#### Data entries:
§ §
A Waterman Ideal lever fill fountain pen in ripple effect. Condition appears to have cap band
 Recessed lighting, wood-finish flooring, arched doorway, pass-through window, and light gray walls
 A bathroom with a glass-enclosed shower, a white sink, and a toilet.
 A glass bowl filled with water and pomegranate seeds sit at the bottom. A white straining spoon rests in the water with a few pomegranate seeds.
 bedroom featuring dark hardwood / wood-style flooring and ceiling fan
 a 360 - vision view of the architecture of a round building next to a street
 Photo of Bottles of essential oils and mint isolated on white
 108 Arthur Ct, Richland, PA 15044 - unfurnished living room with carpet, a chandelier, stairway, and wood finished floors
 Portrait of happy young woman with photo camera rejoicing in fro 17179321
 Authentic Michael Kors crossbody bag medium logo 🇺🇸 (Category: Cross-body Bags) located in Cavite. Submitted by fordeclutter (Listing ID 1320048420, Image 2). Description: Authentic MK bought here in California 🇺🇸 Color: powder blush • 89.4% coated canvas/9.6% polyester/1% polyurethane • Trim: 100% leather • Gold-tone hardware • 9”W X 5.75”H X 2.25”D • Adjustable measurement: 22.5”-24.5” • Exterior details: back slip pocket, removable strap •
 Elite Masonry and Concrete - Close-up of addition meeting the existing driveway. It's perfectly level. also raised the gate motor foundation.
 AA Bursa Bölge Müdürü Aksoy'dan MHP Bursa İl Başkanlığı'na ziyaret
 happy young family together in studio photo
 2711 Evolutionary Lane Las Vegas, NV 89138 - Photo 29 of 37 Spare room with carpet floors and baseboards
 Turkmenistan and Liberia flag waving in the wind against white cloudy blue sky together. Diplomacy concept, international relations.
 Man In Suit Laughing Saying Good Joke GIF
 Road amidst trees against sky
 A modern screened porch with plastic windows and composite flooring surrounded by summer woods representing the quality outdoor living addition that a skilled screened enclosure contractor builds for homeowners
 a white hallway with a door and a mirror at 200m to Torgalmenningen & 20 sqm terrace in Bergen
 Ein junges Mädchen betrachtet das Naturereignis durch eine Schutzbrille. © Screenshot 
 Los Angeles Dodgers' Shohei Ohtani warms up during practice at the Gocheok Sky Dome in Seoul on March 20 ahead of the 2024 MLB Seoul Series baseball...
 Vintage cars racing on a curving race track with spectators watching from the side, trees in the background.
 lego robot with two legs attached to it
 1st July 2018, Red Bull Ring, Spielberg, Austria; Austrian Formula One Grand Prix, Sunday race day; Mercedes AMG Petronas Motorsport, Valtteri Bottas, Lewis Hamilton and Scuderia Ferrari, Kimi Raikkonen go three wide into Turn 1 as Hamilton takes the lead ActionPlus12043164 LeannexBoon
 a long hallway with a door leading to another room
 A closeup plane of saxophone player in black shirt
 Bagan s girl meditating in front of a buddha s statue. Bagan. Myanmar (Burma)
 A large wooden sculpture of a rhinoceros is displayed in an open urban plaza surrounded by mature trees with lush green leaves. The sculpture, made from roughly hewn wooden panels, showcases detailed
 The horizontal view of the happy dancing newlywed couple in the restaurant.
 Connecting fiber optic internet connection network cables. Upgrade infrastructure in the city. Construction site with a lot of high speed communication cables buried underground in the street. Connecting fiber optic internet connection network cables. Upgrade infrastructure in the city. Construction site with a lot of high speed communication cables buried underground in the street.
§ §
#### How to complete this task:
Among the entries above, copy exactly only the lines starting with the one containing "Authentic Michael Kors" and going through the one containing "2711 Evolutionary Lane", both ends included.

#### Solution:
 Authentic Michael Kors crossbody bag medium logo 🇺🇸 (Category: Cross-body Bags) located in Cavite. Submitted by fordeclutter (Listing ID 1320048420, Image 2). Description: Authentic MK bought here in California 🇺🇸 Color: powder blush • 89.4% coated canvas/9.6% polyester/1% polyurethane • Trim: 100% leather • Gold-tone hardware • 9”W X 5.75”H X 2.25”D • Adjustable measurement: 22.5”-24.5” • Exterior details: back slip pocket, removable strap •
 Elite Masonry and Concrete - Close-up of addition meeting the existing driveway. It's perfectly level. also raised the gate motor foundation.
 AA Bursa Bölge Müdürü Aksoy'dan MHP Bursa İl Başkanlığı'na ziyaret
 happy young family together in studio photo
 2711 Evolutionary Lane Las Vegas, NV 89138 - Photo 29 of 37 Spare room with carpet floors and baseboards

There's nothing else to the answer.